Father Alexander Muddu, pastor of St. Kateri Tekakwitha, Yorktown, gave a presentation on the Ugandan Martyrs June 3 at his parish, the feast day of St. Charles Lwanga and Companions, Martyrs. Father Muddu is passionate about sharing their inspiring stories; he has been serving in our diocese since 2016 but comes from the Archdiocese of Kampala, Uganda. The presentation included a sampling of Ugandan foods for those in attendance.
During Father Muddu’s presentation, he shared about the history of Uganda. In the Buganda kingdom in what is now Uganda, they believed in a three-tiered system of gods, he explained.
In the mid-1800s, Islam “took over traditional worship” in Buganda, but the prominent religion in the country is now Christianity, comprising about 82% of Uganda’s population. Catholics make up the largest Christian group at 37%.
Uganda is in east Africa and is about 93,000 square miles, roughly the size of Oregon. There are many cultures, Father Muddu said, because there are more than 50 tribes and dozens of languages.

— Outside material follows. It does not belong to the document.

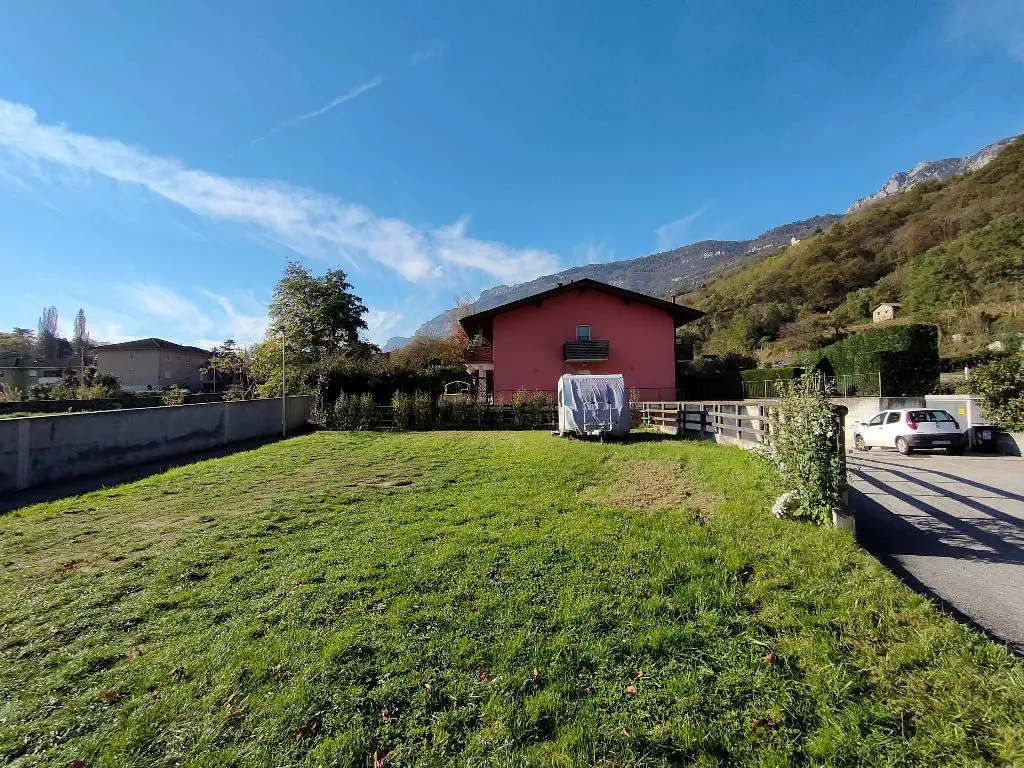 Posto Auto · Villa Lagarina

The official languages are English and Swahili.
Father Muddu said the Catholic Church in Uganda was born during the papacy of Leo XIII. In 1879, he “assigned the whole area of the vicariate of central Africa, and the evangelization of Uganda to the White Fathers.”
Between 1884 and 1887, King Danieri Basammula-Ekkere Mwanga II Mukasa sentenced many Ugandan Christians to death.
It was during that period that the group known as the Uganda martyrs died. Mwanga returned from hunting one day and could not find any of his servants. He began to search angrily for them. He discovered his favorite servant had gone with a “known Catholic” to catechetical instruction at Bulange-Mengo, an official administrative building of the Buganda kingdom.
When the servant returned that evening, Mwanga, furious, stabbed him in the chest with a spear and then summoned his executioners to take him away and kill him, Father Muddu said. Mwanga then went to the home of one of his senior palace officials and burned the man’s books on Christianity.
That evening, Mwanga saw two of his Anglican servants and ordered their execution. Mwanga then ordered the arrest of all Christians, both Anglican and Catholic, on the palace grounds, and the palace gates were locked so no one could escape. He sentenced 22 Catholic and 23 Anglican men to death by burning. Some of the people sentenced had been Catholic for less than a year. They were later named saints: St. Charles Lwanga and Companions, Martyrs of Uganda.
Several miracles have been attributed to the Ugandan martyrs. In 1941, two nuns who were caring for another sister who eventually died of bubonic plague contracted the illness as well, and doctors thought they were beyond hope. However, they were cured after a novena and after relics of the martyrs were placed on the nuns.
“These ancestors of faith, who had barely 10 years of discipleship, knew who Jesus was and who he is. Because they knew him, they could place all of their faith, hope, and trust in his Word, embracing the supreme form of witnessing in Christ,” Father Muddu said.
“For us followers of Christ, death is not the end. We should not fear those who threaten to kill us, for they are unable to kill our souls,” he added.